If Creevey’s tour of the ground so soon after the battle seems goulish, here’s a letter written by the recuperating Sir Frederick’s own sister, Lady Caroline Lamb (above), to the Viscountess Melbourne from Brussels, 1815. It is a pouty letter which brilliantly displays Caroline’s petulance and immaturity in the face of so much heartbreak.

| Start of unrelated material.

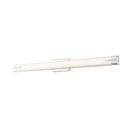 Z-Lite Chase 46W 1 Light Vanity Wall Sconce 9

“Dearest Lady Melbourne . . . The great amusement at Bruxelles, indeed the only one except visiting the sick, is to make large parties etc; go to the field of Battle and pick up a skull or a grape shot or an old shoe or a letter, etc.; bring it home. W[illia]m has been, I shall not go —unless when Fred [Ponsonby] gets better,etc; goes with me. There is a great affectation here of making lint etc.; bandages—but where is there not some? etc; at least it is an innocent amusement. It is rather a love making moment, the half wounded Officers reclining with pretty ladies visiting them—is dangerous. I also observe a great coxcombality in the dress of the sick— which prognosticates a speedy recovery. It is rather heart-breaking to be here, however, etc; one goes blubbering about—seeing such fine people without their legs etc.; arms, some in agony, etc; some getting better. The Prince of Orange enquired much after all his acquaintance; he suffers a great deal, but bears it well. The next door to us has a Col. Millar, very patient, but dreadfully wounded. Lady Conyngham is here—Lady C. Greville—Lady D. Hamilton, Mrs. A. B. Smith, Lady F. Somerset, Lady F. Webster most affected; Lady Mountmorress, who stuck her parasol yesterday into a skull at Waterloo. . . .”

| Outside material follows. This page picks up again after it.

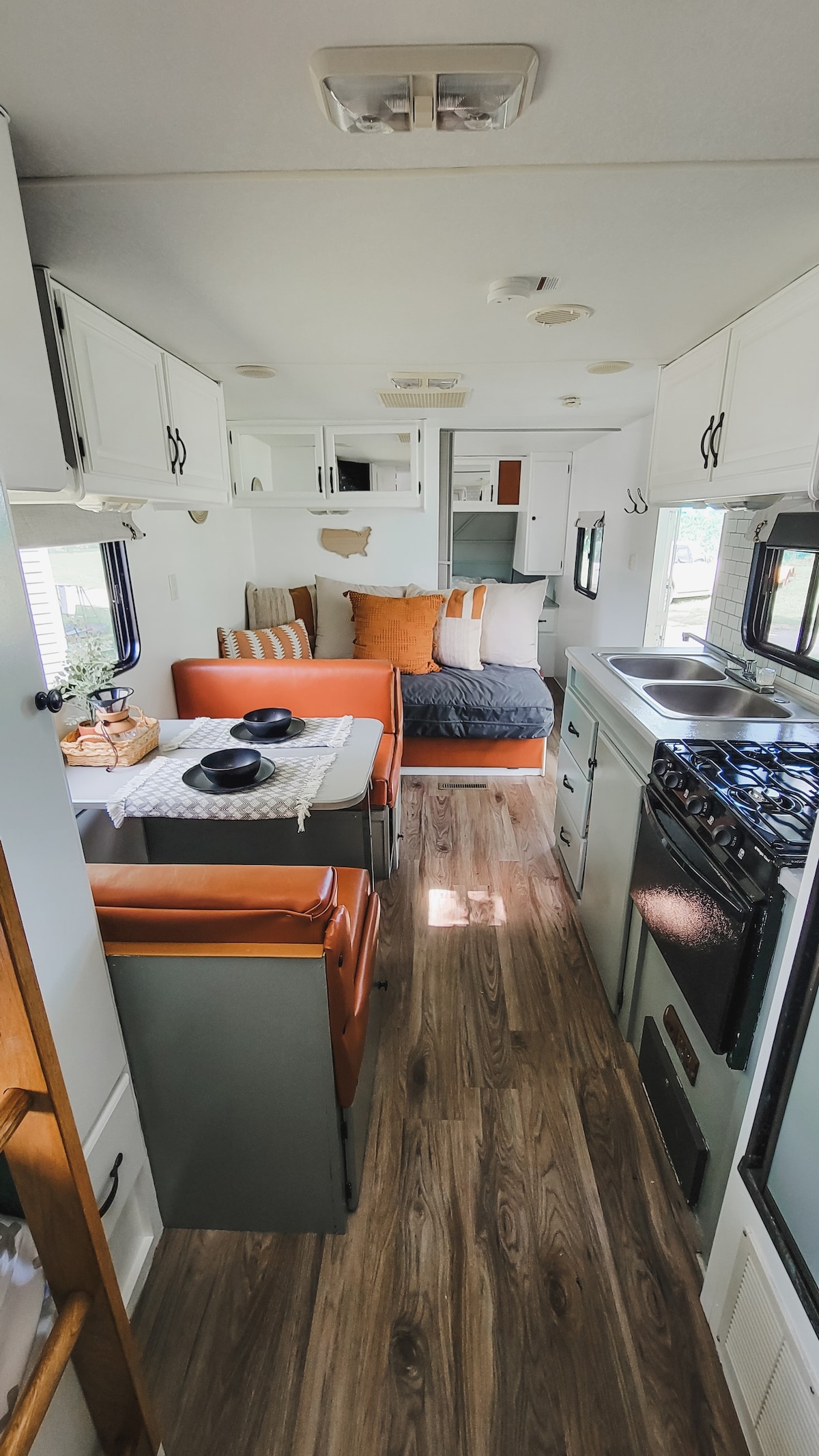 Farmstead Tiny Home Ready to Relax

Sir Frederick recovered and went on to enjoy a close relationship with the Duke long after the battle, as shown in the following letter the Duke wrote to Lady Shelley:
London, September 21, 1821
My Dear Lady Shelley, I write to tell you that there is some prospect that the King will go out of town on Saturday, and in that case we might be able to go to you on Saturday evening, and stay till Tuesday or Wednesday. I will let you know positively to-morrow. Shall I bring down Frederick Ponsonby, who was going with me to S. Saye? Ever yours affectionately, W.

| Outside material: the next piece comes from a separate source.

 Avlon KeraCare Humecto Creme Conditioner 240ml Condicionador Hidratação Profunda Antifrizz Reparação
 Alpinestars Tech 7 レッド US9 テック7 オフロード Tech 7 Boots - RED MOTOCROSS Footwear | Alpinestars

Sir Frederick married Lady Emily Charlotte Bathurst, daughter of Henry Bathurst, 3rd Earl Bathurst of Bathurst and Lady Georgina Lennox, on 16 March 1825. On 27 May 1825, he was promoted major-general, commanding the troops in the Ionian Islands and on 22 December 1826, he was appointed Governor of Malta, holding that post for eight and a half years. Sir Frederick died on 11 January 1837 at the age of fifty-three.
* This French officer was Major de Laussat of the Imperial Guard Dragoons, as Sir Frederick would learn in 1827 when the two met socially and soon after, through a conversation regarding the experiences of each during the Battle, discovered the coincidence of their first meeting upon the field.